WeRide, the Nasdaq-listed autonomous driving company, reported its full-year 2025 results on March 23, posting record revenue of RMB 684.6 million (USD 99.3 million), up 89.6% year over year, as fourth-quarter revenue more than doubled to RMB 314 million (USD 45.5 million). Robotaxi revenue rose 209.6% to RMB 148 million (USD 21.5 million). The company said its global robotaxi fleet reached 1,125 vehicles and is expected to grow to 2,600 by the end of 2026, subject to regulatory approvals and market conditions.

The more consequential signal in the results is WeRide’s shift toward real-world deployment, particularly overseas. On the earnings call, management said international markets contributed about 29% of 2025 revenue, supported by expansion in the Middle East, Europe, and the Asia Pacific. In its release, the company highlighted Europe’s first driverless robotaxi permit for passenger services in Switzerland, a fully driverless commercial permit in Abu Dhabi, and new launches in Dubai, Riyadh, Singapore, and Slovakia.

The results also signal how far the business remains from translating scale into earnings. Full-year gross profit rose to RMB 206.8 million (USD 30 million), with gross margin broadly stable at 30.2%. However, WeRide reported an operating loss of RMB 1.85 billion (USD 268.3 million) and a net loss of RMB 1.65 billion (USD 239.3 million). Even after narrowing from 2024, those losses remained more than twice annual revenue.

The fourth quarter reflected similar dynamics. Revenue rose 123% to RMB 314 million (USD 45.5 million), driven by a 308.9% increase in product revenue to RMB 211.4 million (USD 30.7 million), mainly from robotaxi and robobus sales. Service revenue grew 15.2% to RMB 102.6 million (USD 14.9 million). Gross margin declined to 28.5% from 36.5% a year earlier, which the company attributed primarily to a lower contribution from higher-margin R&D services related to advanced driver assistance systems (ADAS).

That revenue mix is significant. While robotaxis anchor WeRide’s long-term narrative, its current revenue base remains diversified. On the earnings call, management said robotaxi contributed 22% of 2025 revenue, robobus 34%, and ADAS and data services 29%. This indicates WeRide is scaling as a diversified business before demonstrating it can generate returns as a mature robotaxi operator.

The progress, however, is incremental rather than definitive. One of the more important signals in the release was cost. WeRide said total cost of ownership in China fell 38% in 2025, supported by lower bill-of-materials costs and improved operating efficiency. The remotely assisted human-to-vehicle ratio improved fourfold, while the latest GXR robotaxi reduced bill-of-materials costs by 15% and cut per-vehicle production time to under ten minutes.

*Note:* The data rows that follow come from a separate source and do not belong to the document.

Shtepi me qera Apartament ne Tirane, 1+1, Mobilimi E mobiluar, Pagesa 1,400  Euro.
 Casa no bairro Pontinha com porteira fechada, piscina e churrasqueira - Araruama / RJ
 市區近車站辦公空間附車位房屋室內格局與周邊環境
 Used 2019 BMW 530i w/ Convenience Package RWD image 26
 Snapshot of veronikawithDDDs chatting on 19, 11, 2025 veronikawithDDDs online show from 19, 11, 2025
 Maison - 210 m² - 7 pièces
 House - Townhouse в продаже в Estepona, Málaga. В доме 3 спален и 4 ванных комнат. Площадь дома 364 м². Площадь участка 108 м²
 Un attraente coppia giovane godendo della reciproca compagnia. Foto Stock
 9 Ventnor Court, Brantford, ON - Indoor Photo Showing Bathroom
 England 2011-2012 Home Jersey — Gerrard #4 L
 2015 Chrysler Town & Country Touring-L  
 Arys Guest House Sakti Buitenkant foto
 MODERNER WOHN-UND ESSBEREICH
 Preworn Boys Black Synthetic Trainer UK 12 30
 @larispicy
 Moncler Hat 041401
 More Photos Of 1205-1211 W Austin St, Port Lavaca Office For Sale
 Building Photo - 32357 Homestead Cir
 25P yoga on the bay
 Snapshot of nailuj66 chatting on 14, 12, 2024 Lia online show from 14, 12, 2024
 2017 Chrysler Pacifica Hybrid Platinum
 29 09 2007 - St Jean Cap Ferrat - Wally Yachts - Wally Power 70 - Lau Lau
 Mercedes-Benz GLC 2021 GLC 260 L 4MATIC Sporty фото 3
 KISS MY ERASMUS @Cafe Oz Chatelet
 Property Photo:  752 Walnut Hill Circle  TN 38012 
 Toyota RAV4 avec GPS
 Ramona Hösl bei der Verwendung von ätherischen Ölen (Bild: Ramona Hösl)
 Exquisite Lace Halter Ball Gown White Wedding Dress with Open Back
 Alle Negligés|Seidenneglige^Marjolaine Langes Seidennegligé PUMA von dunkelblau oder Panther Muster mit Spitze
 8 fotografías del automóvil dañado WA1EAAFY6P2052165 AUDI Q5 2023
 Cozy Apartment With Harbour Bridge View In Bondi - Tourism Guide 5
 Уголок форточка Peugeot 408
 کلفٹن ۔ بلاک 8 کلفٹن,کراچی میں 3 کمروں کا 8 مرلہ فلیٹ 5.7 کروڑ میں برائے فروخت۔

These improvements help explain management’s emphasis on scalability. On the call, the company said average daily orders per vehicle in China reached 15 trips over the past six months and 26 during peak periods, while its Middle East subsidiary was already profitable on a standalone basis. These disclosures indicate where WeRide sees a path to viable unit economics: denser fleets, lower operating costs, and overseas markets with more favorable pricing and regulatory conditions.

The balance sheet provides time to pursue that strategy. WeRide ended 2025 with RMB 7.13 billion (USD 1.03 billion) in total capital reserves, including RMB 6.97 billion (USD 1.01 billion) in cash, cash equivalents, and time deposits, and announced a USD 100 million share repurchase program.

Even so, the company is not close to breakeven. R&D spending remained elevated at RMB 1.37 billion (USD 198.7 million) for the year, up from RMB 1.09 billion (USD 158.1 million) in 2024, driven by investment in data compliance capabilities, preinstalled robotaxis, and next-generation infrastructure. That level of spending may be necessary to build a global platform spanning Level 2 to Level 4 capabilities, but it also extends the timeline to profitability.

What WeRide’s 2025 results show is not the emergence of robotaxis as a mature business, but the early assembly of one. The company is building the components: international permits, growing fleet density, lower unit costs, expanding product revenue, and a broader overseas footprint. In 2026, WeRide must show that its deployments can translate into repeatable, higher-margin ride revenue before the cost of building it rises again.

Note: RMB figures are converted to USD at rates of RMB 6.90 = USD 1 based on estimates as of March 24, 2026, unless otherwise stated. USD conversions are presented for ease of reference and may not fully match prevailing exchange rates.